In any case, she, too, is very detail oriented. And aside from it being most evident in her conversations, it's very evident in her writing, as well.

Remember when you were in school, Jewish day school or otherwise, and you went back after summer vacation or spring vacation, and had to write the expected piece: "What I Did On My Holiday" -- she does it, too. She did it after summer break, did it after Chanukah break, did it after mid-winter break and now had to write what she did on her two-week Pesach vacation. She has a journal in her English studies, and after school breaks or after school trips, or around Jewish holidays, she is supposed to write in her journal and accompany her entry with drawings.

Yesterday I asked A if I could look at what she'd written in her journal about her Pesach holidays. She gave me permission, and before I began to read the particular assigned entry, I looked back at a couple of earlier entries. I was pleased when the teacher commented on one: "Are you going to be a writer like your mom?"

I then turned to read the Pesach entry.
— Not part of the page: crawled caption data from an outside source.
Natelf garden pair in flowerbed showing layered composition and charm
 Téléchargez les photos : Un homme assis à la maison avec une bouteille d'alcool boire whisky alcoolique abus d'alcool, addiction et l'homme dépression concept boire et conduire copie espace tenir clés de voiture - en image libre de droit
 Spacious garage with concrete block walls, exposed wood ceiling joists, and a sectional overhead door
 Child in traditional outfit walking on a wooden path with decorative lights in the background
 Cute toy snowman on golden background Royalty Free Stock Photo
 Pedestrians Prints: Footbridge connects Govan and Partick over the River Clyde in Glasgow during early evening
It was pretty much a play-by-play listing of the first days of the chag and who was at the seders we attended and hosted, and who she played with and what she played (Trivial Pursuit for Kids -- I recommend it highly. It's meant for age eight and up, but even my five-year-old can get answers right. It is multiple-choice answers)when it wasn't the seders. And which cousins and friends got to sleep over. And her closing sentence for the entry was: "And on Monday at 2:00 a.m. I barfed."

The hysterical laughter just erupted from me. She definitely had ended her piece on an "upbeat" note, in her matter-of-fact way. Yup, yup, yup, that's my daughter, folks. Giving her all to tell a story, and as Walter Cronkite would have said, "And that's the way it was!"